● Exercise directions
The records below are to be set down word for word, with every picture left out.

[Records from a dataset]
----------
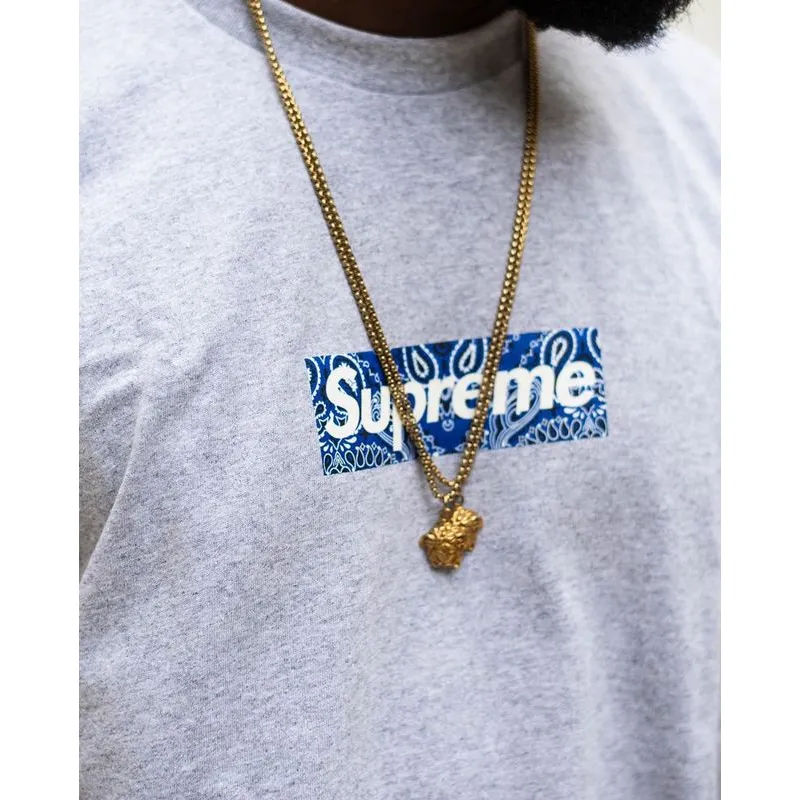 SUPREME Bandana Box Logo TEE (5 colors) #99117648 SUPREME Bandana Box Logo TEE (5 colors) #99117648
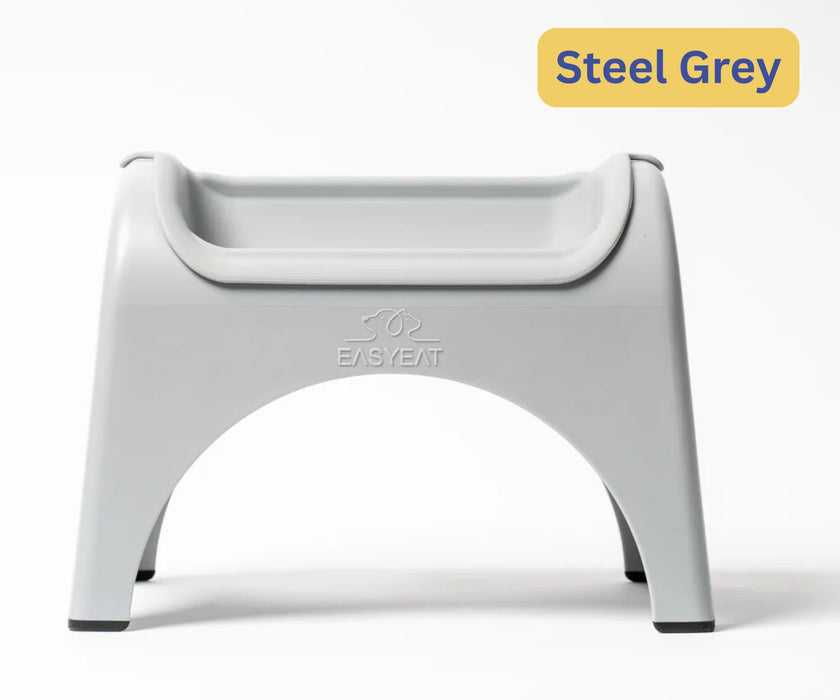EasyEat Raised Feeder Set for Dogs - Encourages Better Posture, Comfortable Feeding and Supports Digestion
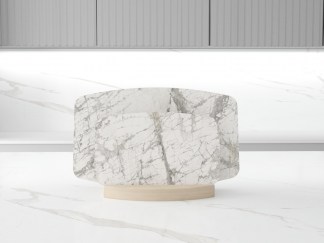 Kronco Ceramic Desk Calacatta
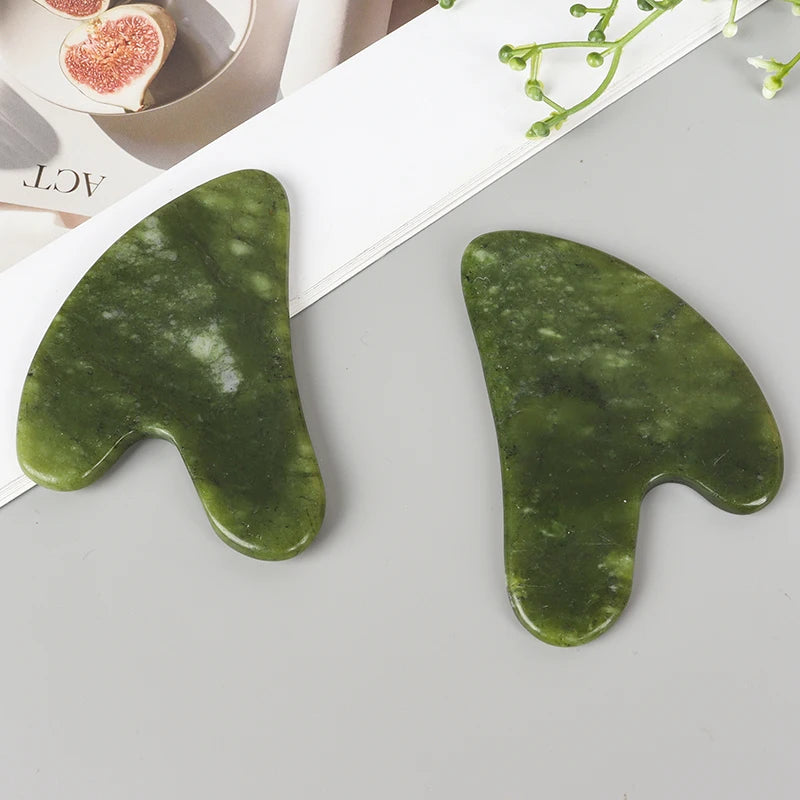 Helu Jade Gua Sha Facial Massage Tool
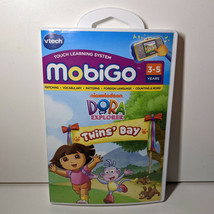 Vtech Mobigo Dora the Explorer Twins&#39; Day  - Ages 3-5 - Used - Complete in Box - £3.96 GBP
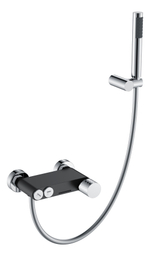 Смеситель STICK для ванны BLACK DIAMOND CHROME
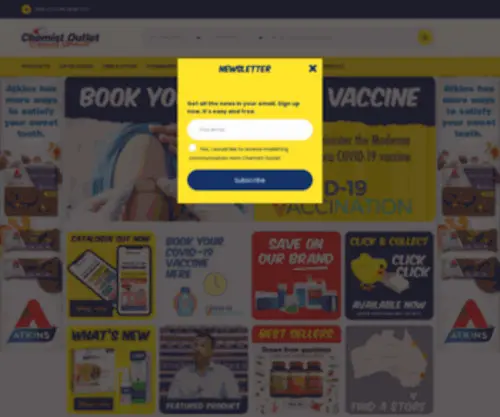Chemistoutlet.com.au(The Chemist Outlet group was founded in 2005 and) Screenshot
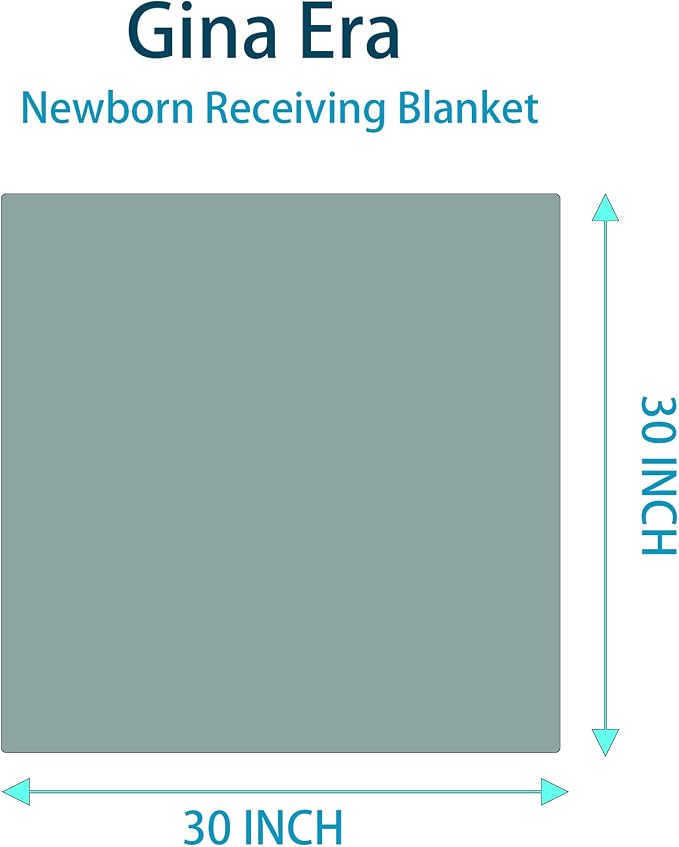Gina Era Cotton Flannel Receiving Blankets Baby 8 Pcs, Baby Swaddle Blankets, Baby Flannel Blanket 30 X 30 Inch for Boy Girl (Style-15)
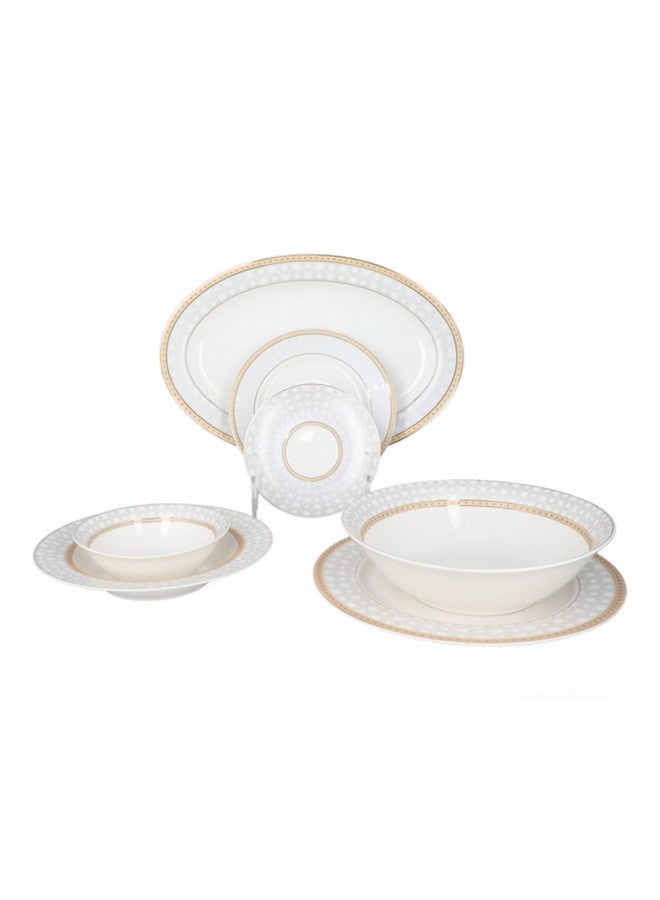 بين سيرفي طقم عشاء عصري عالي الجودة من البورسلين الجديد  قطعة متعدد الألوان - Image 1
----------
● Worked solution
 SUPREME Bandana Box Logo TEE (5 colors) #99117648 SUPREME Bandana Box Logo TEE (5 colors) #99117648
EasyEat Raised Feeder Set for Dogs - Encourages Better Posture, Comfortable Feeding and Supports Digestion
 Kronco Ceramic Desk Calacatta
 Helu Jade Gua Sha Facial Massage Tool
 Vtech Mobigo Dora the Explorer Twins&#39; Day  - Ages 3-5 - Used - Complete in Box - £3.96 GBP
 Смеситель STICK для ванны BLACK DIAMOND CHROME
Chemistoutlet.com.au(The Chemist Outlet group was founded in 2005 and) Screenshot
Gina Era Cotton Flannel Receiving Blankets Baby 8 Pcs, Baby Swaddle Blankets, Baby Flannel Blanket 30 X 30 Inch for Boy Girl (Style-15)
 بين سيرفي طقم عشاء عصري عالي الجودة من البورسلين الجديد  قطعة متعدد الألوان - Image 1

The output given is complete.